The biggest melody belonged to Dee Dee’s “Howling At The Moon (Sha-La-La),” an impressionistic take on the drug trade. Eurythmics’ Dave Stewart manned the keys, providing the hallucinogenic programming at the start and the spinet-style baroque accompaniment on the bridge. Joey claims full vocal territory: barks here, coos there, tenderness and rage at intervals. A music video was commissioned, an artsy, comic thing that kept the Ramones in a crate, delivered by a gangster Robin Hood to an elderly woman and her lapdog. It supported one of the eighties’ best rock singles, and it went nowhere. On the record, it was bracketed by two other songs that exceeded four minutes, a Ramones first. Each song featured a different keyboardist. Jerry Harrison boosts the posi vibes of the double-throwback “Chasing The Night” (Richie does an oompah impression of Tommy, Joey bats around the word “night” like a true doo-wopper), and Benmont Tench of the other Heartbreakers is pretty much invisible on “Daytime Dilemma (Dangers Of Love).”

The point was aggression, and to that end the band brought back Tommy Ramone and Ed Stasium. They frontloaded the record with the harder stuff, leading off with the taunting “Mama’s Boy.” A rare Johnny/Dee Dee/Tommy co-write, it’s a hard rock/psychobilly meld with Joey at his lowest register — too low, in fact, for the couplet “everyone’s a secret nerd/everyone’s a closet lame” to become an underground motto. Johnny gets a whopping four songwriting credits on the first half. One’s a 55-second instrumental (“Durango 95″); another is “Wart Hog,” a Dee Dee showcase and legit hardcore track that became a live fixture. One wonders what a solo Dee Dee would’ve sounded like as a hXc elder statesman, rather than the joke MC he dressed up as for a time.
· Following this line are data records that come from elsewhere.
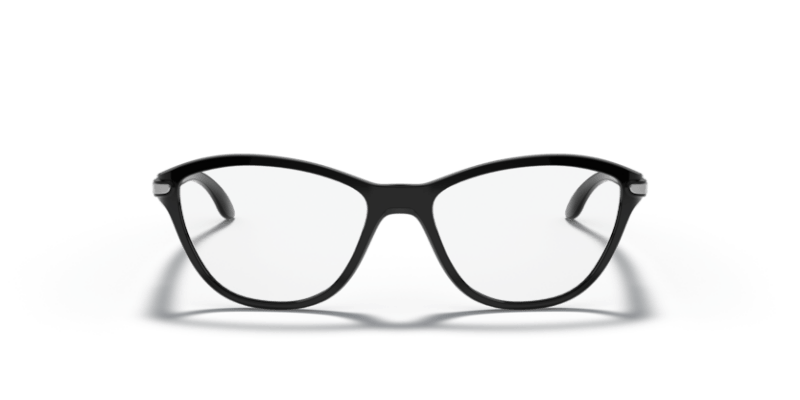 Polished Black - 0OY8008 888392564634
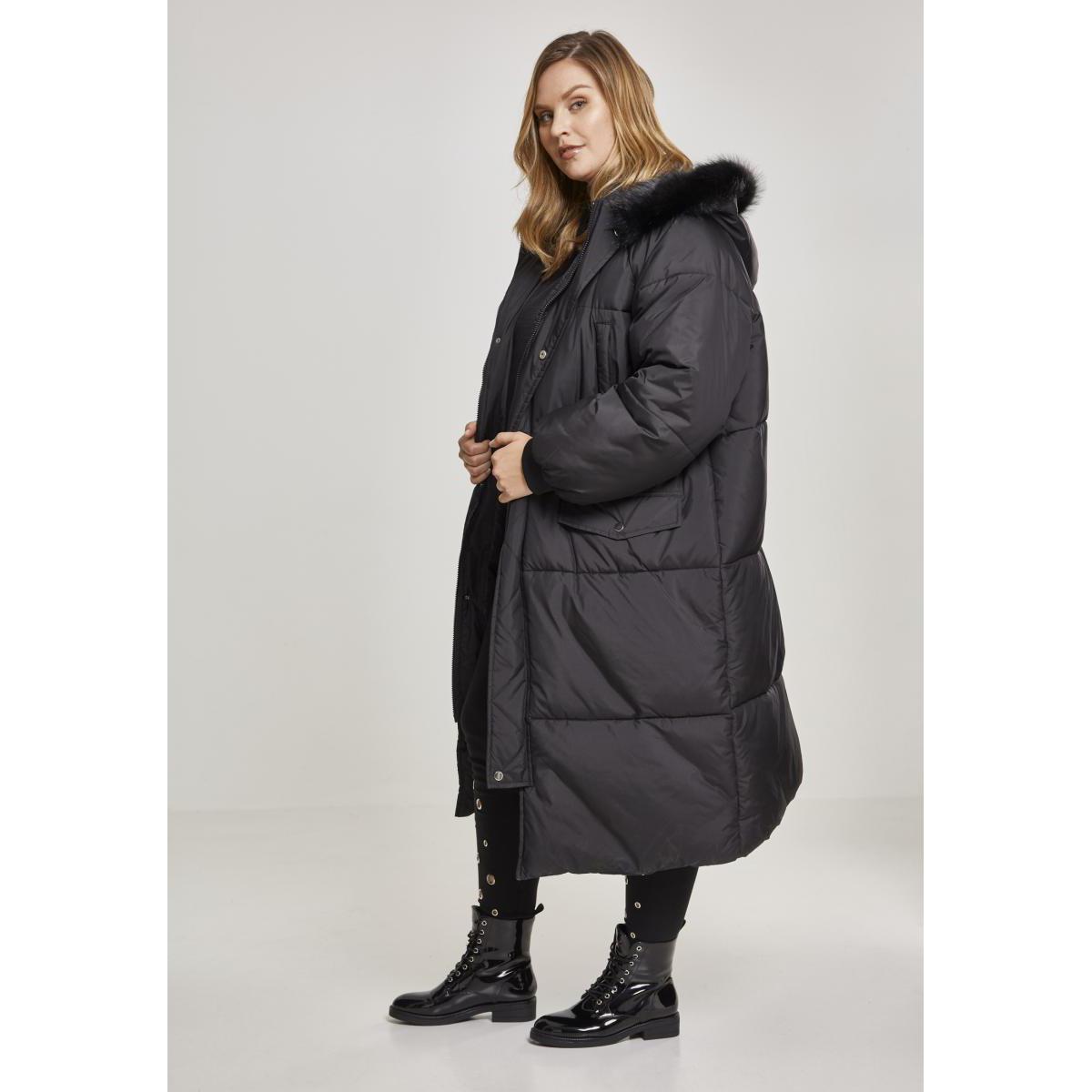 product/t/b/tb2382-00017_u_tb2382_m4-00017_u-black-black.jpg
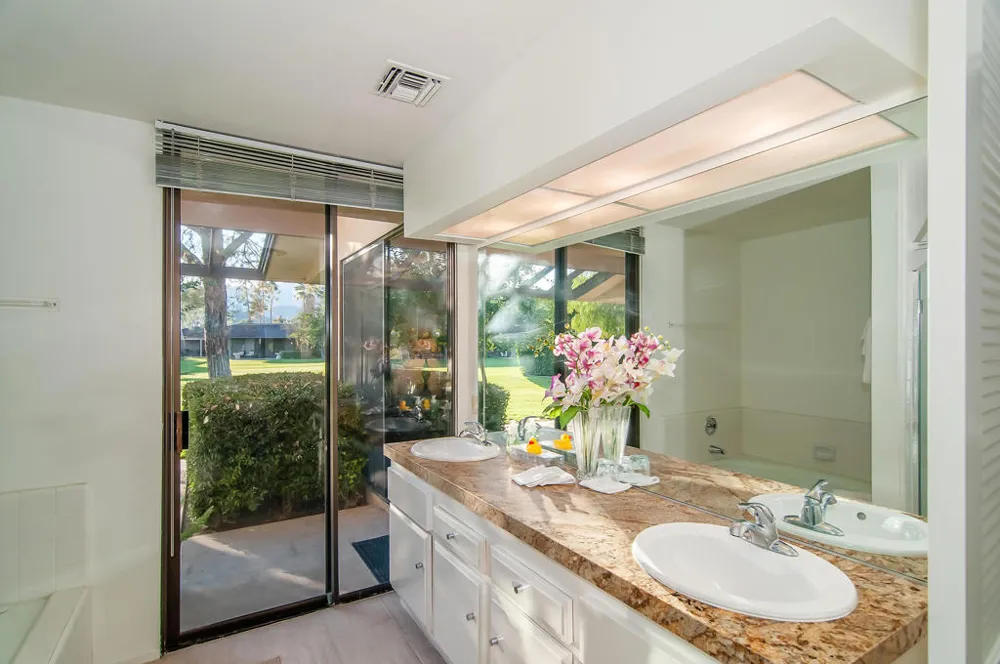 11 Wake Forest Court Rancho Mirage, CA 92270
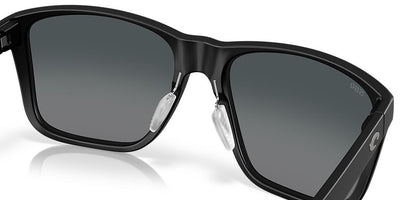 Costa Los Alijos-Sunglasses-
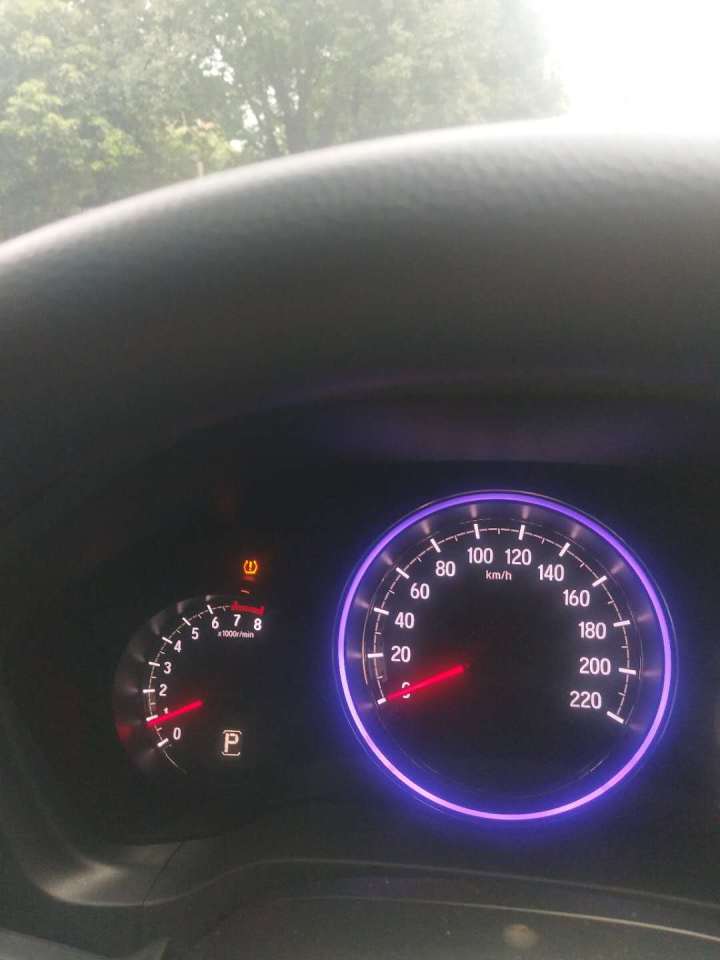 本田xr-v最近的优惠,本田xr-v最新优惠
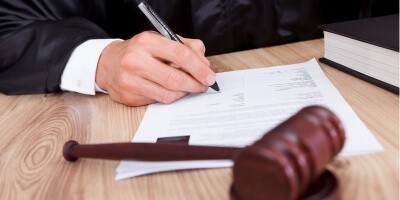 Court-Order.jpg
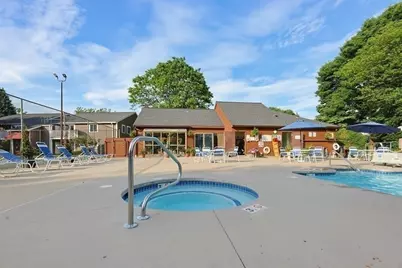4 Post Oak Ln #19, Natick, MA 01760 - Photo 21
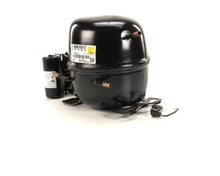 BEVERAGE AIR 312-083D COMPRESSOR 115V 60HZ R134A 3570 BTU TEC TPB9423YAA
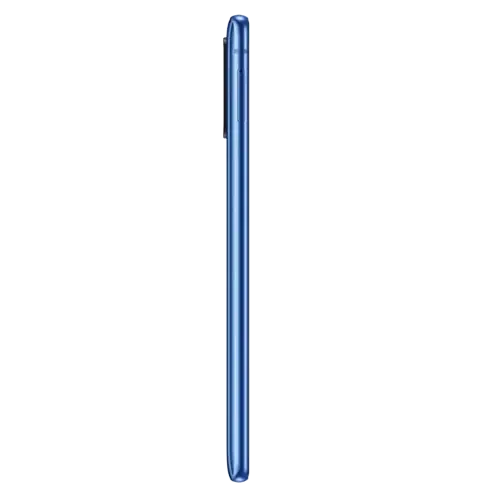 Samsung Galaxy S10 Lite View 4 - Camera, Display & Design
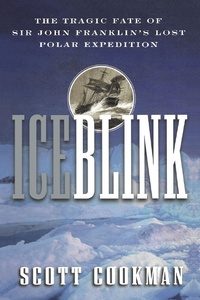Abbildung von: Ice Blink - Wiley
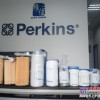 供应英国珀金斯perkins发动机零部件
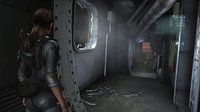 Resident Evil: Revelations (PC) thumb 8
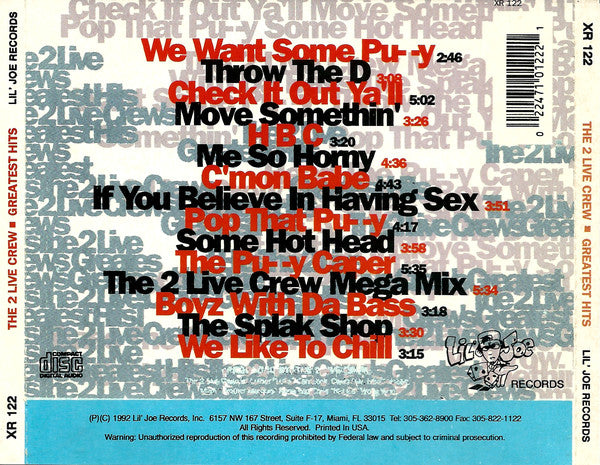 greatest-hits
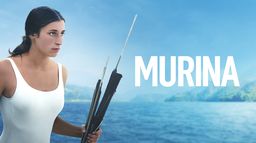 Murina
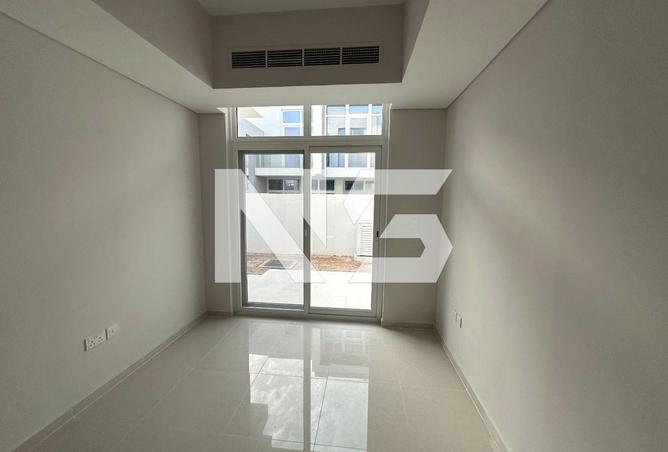 79419157 - صورة العقار 3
In his hands, the “wart hog/war!” refrain becomes pure sound, a bileful and joyous thing. (He still ends up railing about “junkies and fags”; whether he’s being sardonic or just baiting is immaterial.) Joey gets the next hardcore cut, “Danger Zone,” wherein he largely abandons melody for a monosyllabic assault. Still, with “New York City is a real cool town/Society really brings me down,” it boasts the worst opening of any Ramones song ever. After so much time away, it was clear that Tommy was brought back for the sound, not the vision. The boys figured they had that covered — every song was written by a Ramone, even though they had a gutter-punk version of “Street Fighting Man” in the can and a Richie song on the album.

Ultimately, Too Tough To Die is a typical post-Tommy effort: everything is tried, but commercially, nothing stuck. There’s rock ‘n’ roll, rockabilly, synthrock, hardcore — even a fantastically crusty “Endless Vacation,” written and sung by Dee Dee. Thematically, the band foreswore romance, which is a kind of progression; in its place were paisley political sentiment and harrowing survivors’ tales. Not that either was insincere: Joey was a frequent activist, turning up on Little Steven Van Zandt’s protest jam “Sun City” the year after Too Tough; the year before, Johnny fractured his skull in a street fight with another musician. A smart PR team could’ve put either to work, but it’s likely the severely image-conscious Johnny would’ve squashed both. Too Tough To Die is a fine record, putting all the band’s facets on display. As always, though, it wasn’t enough.